Mortgage rates hit nearly 20-year high, cause home sales to tumble

by Liz Hughes

Canceled home-sales contracts hit their highest rate in almost a year as skittish homebuyers blanche at mortgage rates that are the highest they’ve been in more than 20 years, according to a new Redfin report

In August, 60,000 or 15.7% of sales contracts were canceled, an increase from last year’s 14.3% and the highest percentage of canceled contracts since October 2022, when mortgage rates first exceeded 7%. 

Last month’s average 30-year fixed mortgage rate was 7.07%, but it did rise to 7.23% at one point during the month, its highest since 2001. Those rising rates are having a big impact on monthly payments for potential homebuyers and deterring potential sellers. 

In August, the median U.S. home sale price rose 3% from 2022, the largest increase since last October and down just 0.2% from July. 

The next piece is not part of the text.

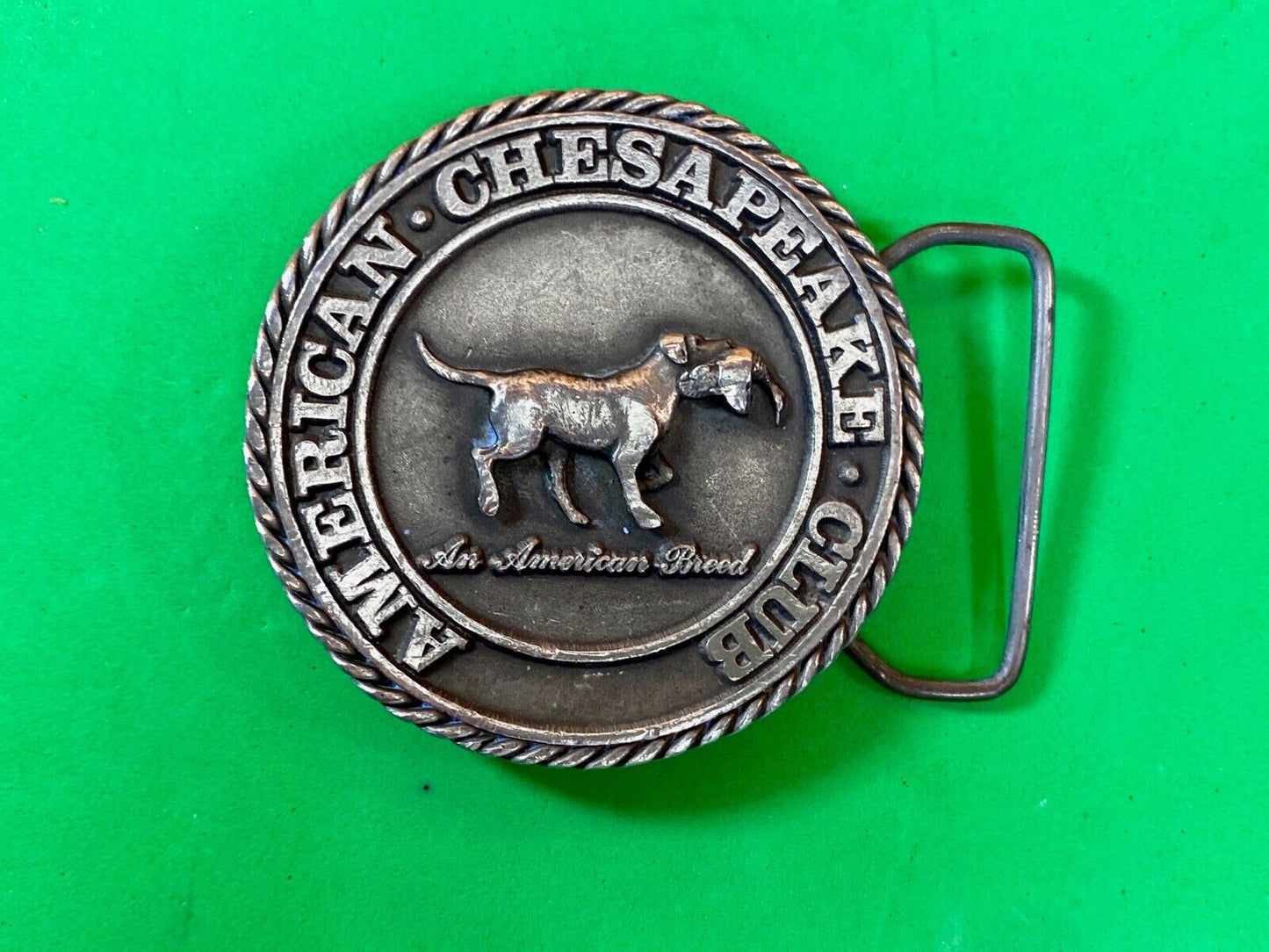 American Chesaphake Club, An American Breed Vtg 80'S Round Belt Buckle Sid Bell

With higher mortgage rates and inventory impacted by potential buyers holding off on selling, prices and competition are high. 

“Home prices will likely remain elevated for the foreseeable future,” said Chen Zhao, Redfin economics research lead. “The Federal Reserve still has more work to do in its battle against inflation, which means mortgage rates are unlikely to come down anytime soon. As long as rates remain high, homeowners will be reluctant to sell. And that lack of homes for sale will keep prices high because it means buyers are duking it out for a limited supply of houses.”

August listings rose just 0.8% from July and fell 14.4% from 2022.

“New listings have likely bottomed out,” Zhao said. “Most of the homeowners who feel handcuffed by high rates have already made the decision not to sell. That means many of today’s sellers are putting their homes on the market because they have to, in some cases due to divorce, family emergencies or return-to-office policies.”